* EXERCISE
The output must be exactly the lines from the "Tevere 20 House Monza Pokoj fotografie" line through the end of the listing below, with no picture included.

* SUPPLIED ENTRIES
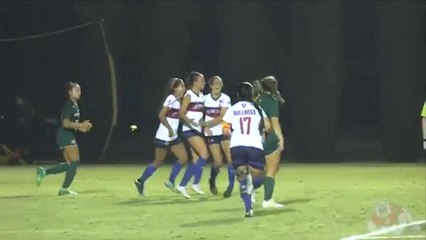 Football : L'incroyable touche acrobatique d'une étudiante américaine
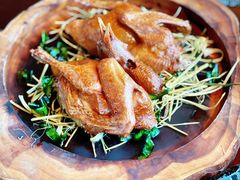 脆皮乳鸽-巴黎轩(澳门巴黎人店)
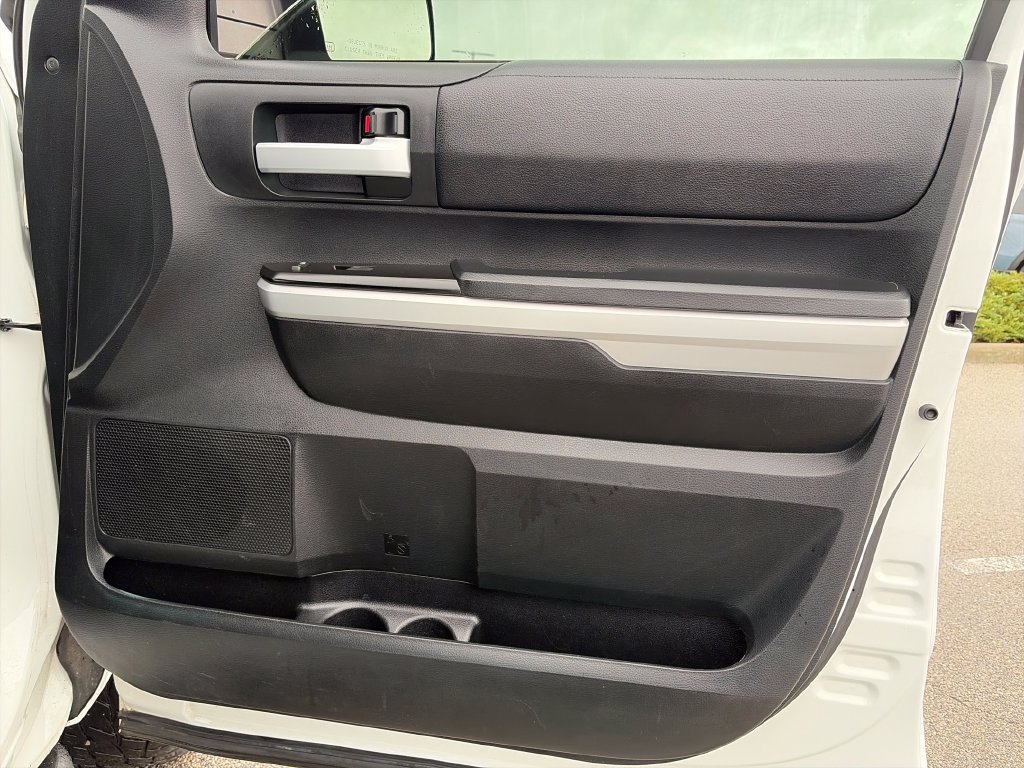 Used 2018 Toyota Tundra SR5 AWD/4WD image 11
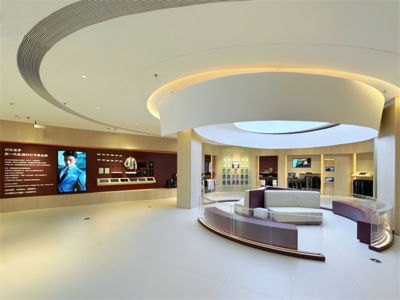 襯衫老羅 用美學空間與多媒體交互重塑線下零售體驗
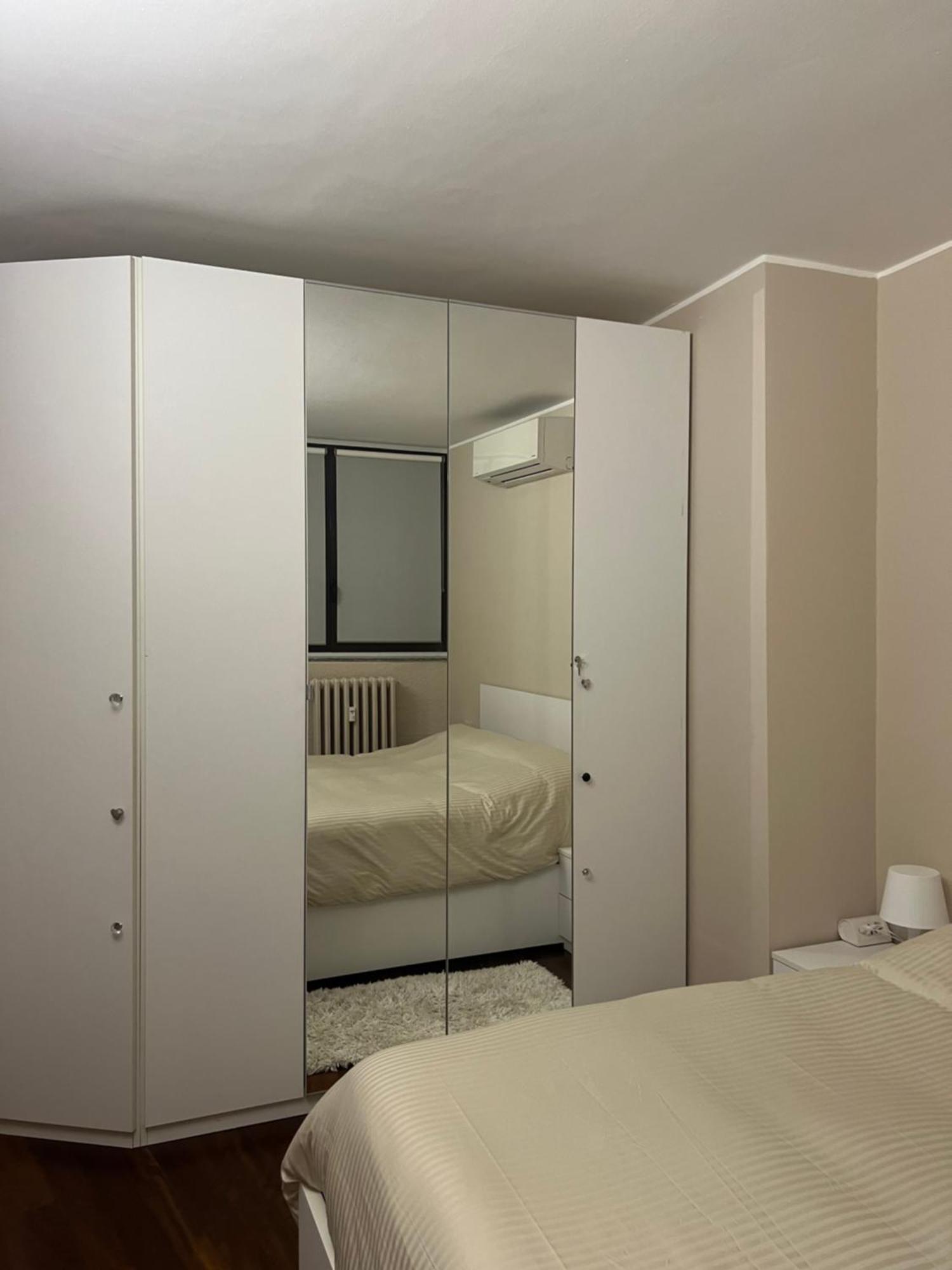Tevere 20 House Monza Pokoj fotografie
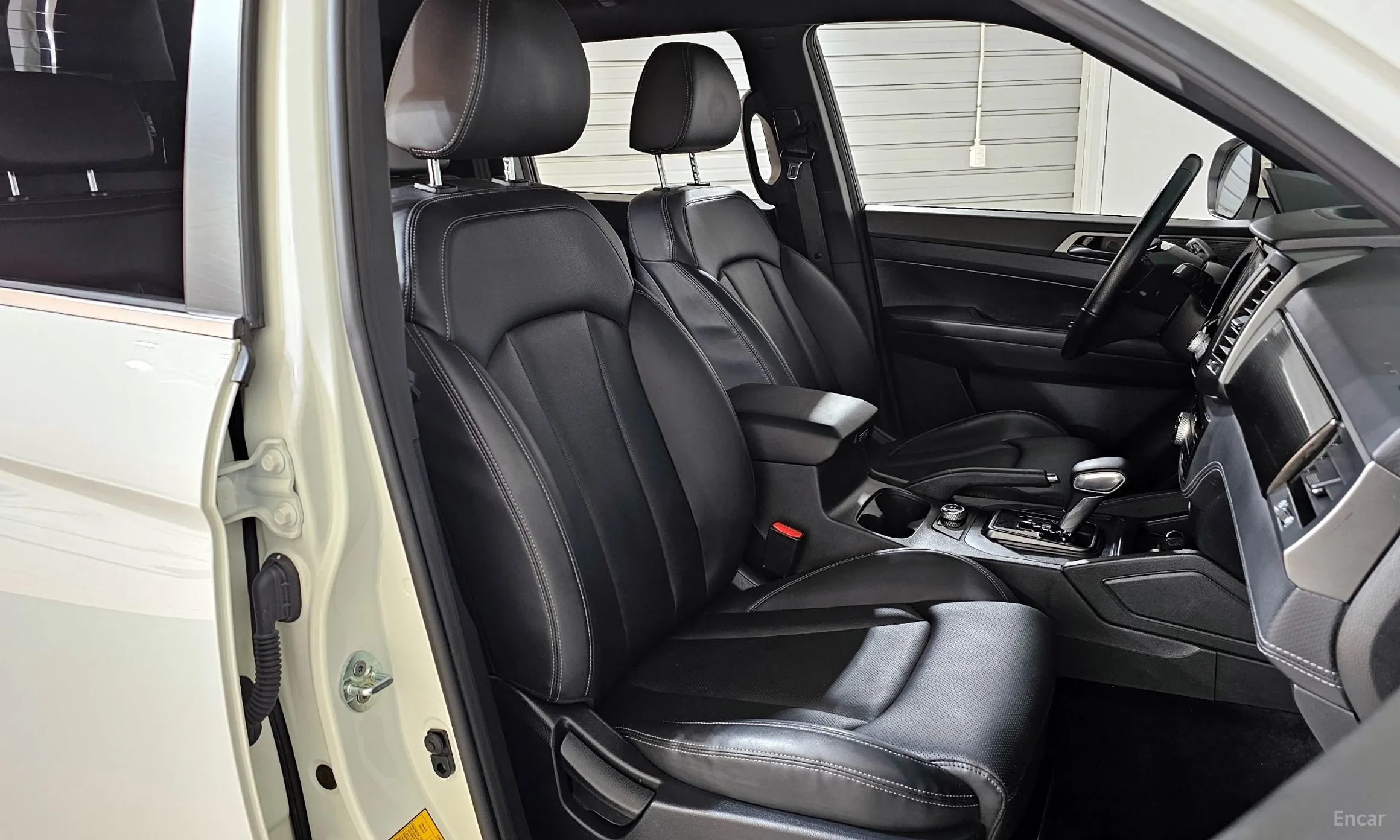 KG Mobility (SsangYong) Rexton Sports превью 10
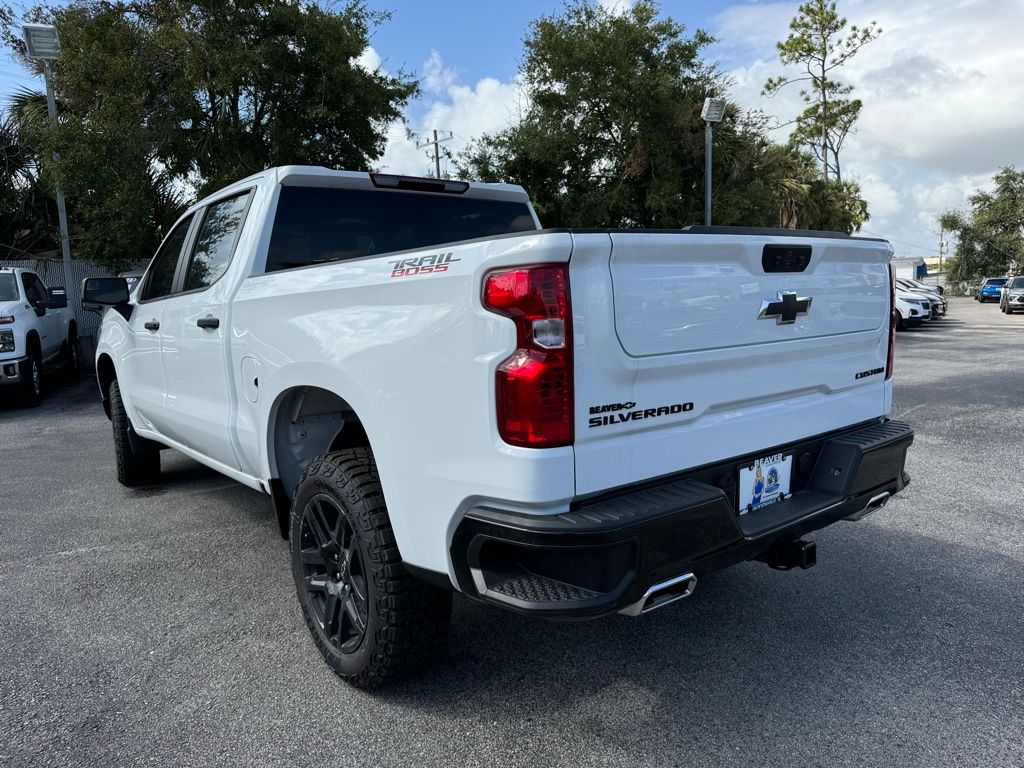 2024 Chevrolet Silverado 1500 Custom Trail Boss 6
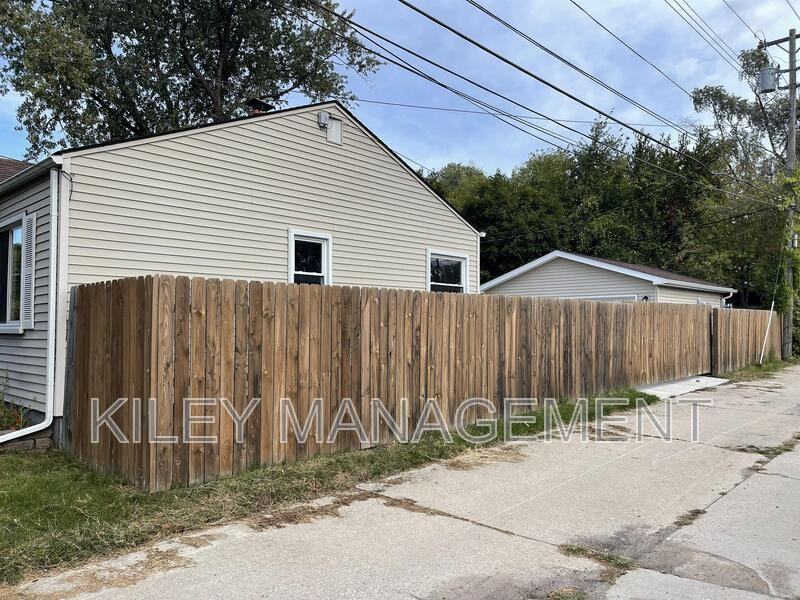 23028 Pilgrim Ave - Photo 2 of 21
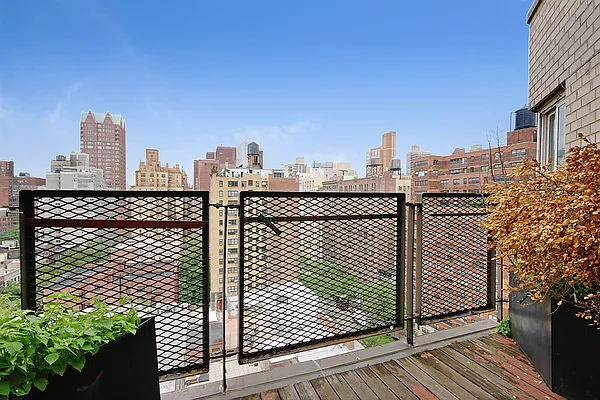 Sold by Corcoran | media 21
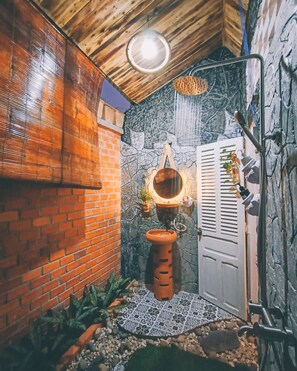 Combined shower/tub, hair dryer, towels, soap - Airy & Cozy | Family-Friendly | Vegetarian-Friendly |Breakfast Included (Long Ho)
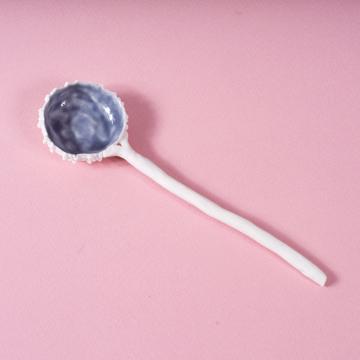 Cuillère Oursin en porcelaine façonnée, bleu gris [1]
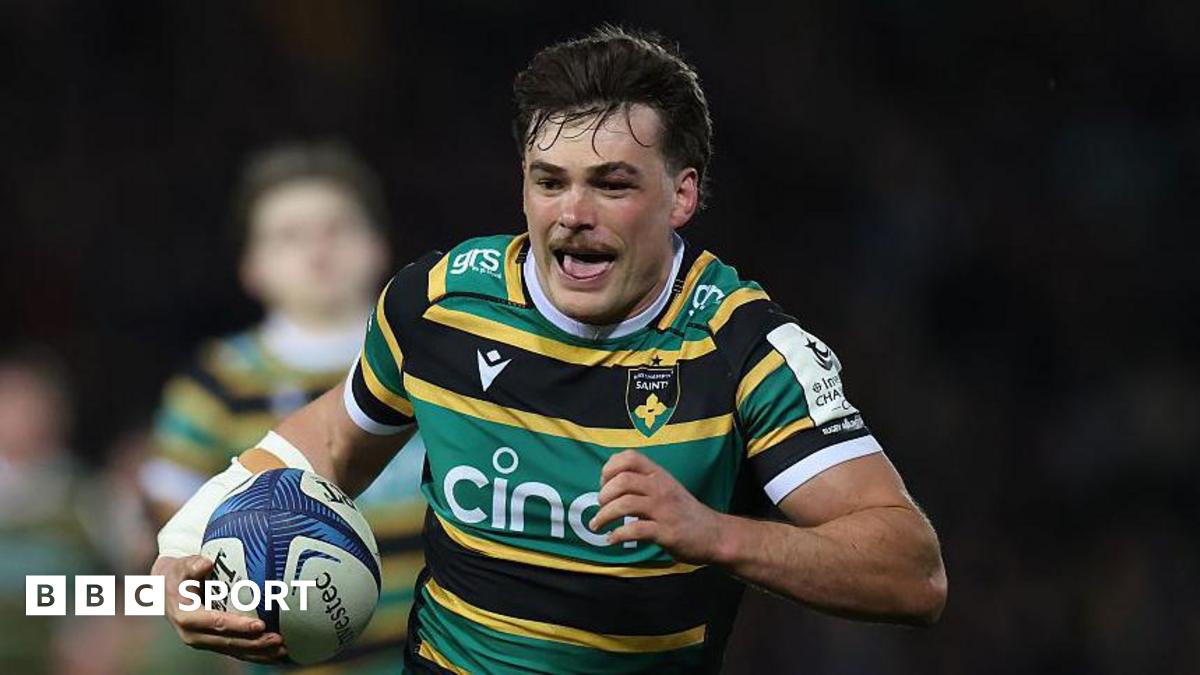 George Furbank running with his tongue out on the way to score for Northampton Saints.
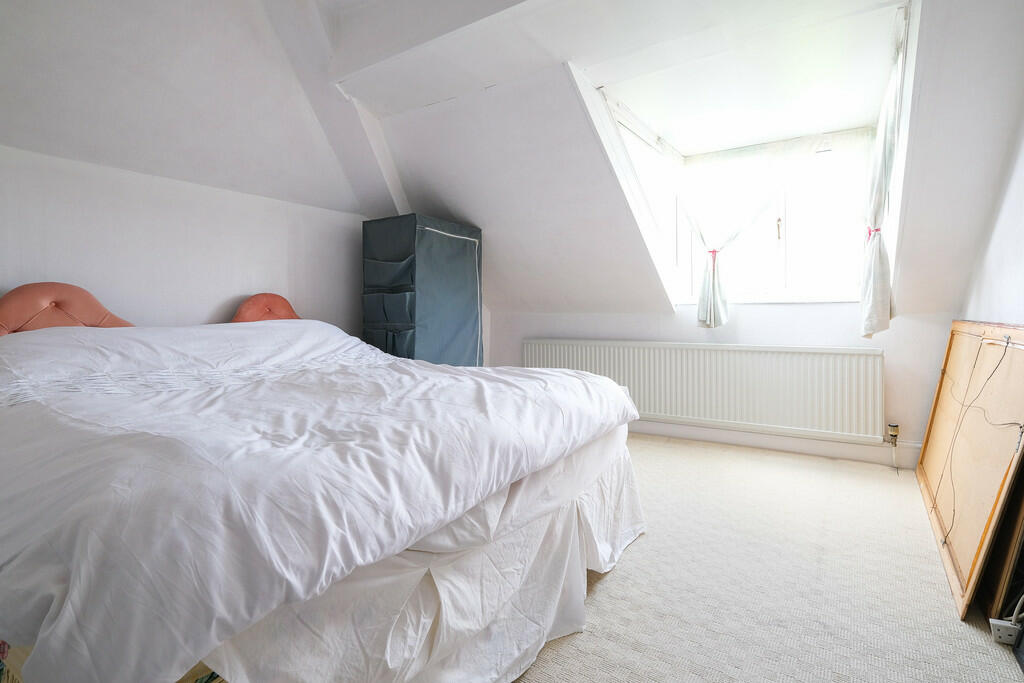7 bed Detached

* REPLY TO THE EXERCISE
Tevere 20 House Monza Pokoj fotografie
 KG Mobility (SsangYong) Rexton Sports превью 10
 2024 Chevrolet Silverado 1500 Custom Trail Boss 6
 23028 Pilgrim Ave - Photo 2 of 21
 Sold by Corcoran | media 21
 Combined shower/tub, hair dryer, towels, soap - Airy & Cozy | Family-Friendly | Vegetarian-Friendly |Breakfast Included (Long Ho)
 Cuillère Oursin en porcelaine façonnée, bleu gris [1]
 George Furbank running with his tongue out on the way to score for Northampton Saints.
7 bed Detached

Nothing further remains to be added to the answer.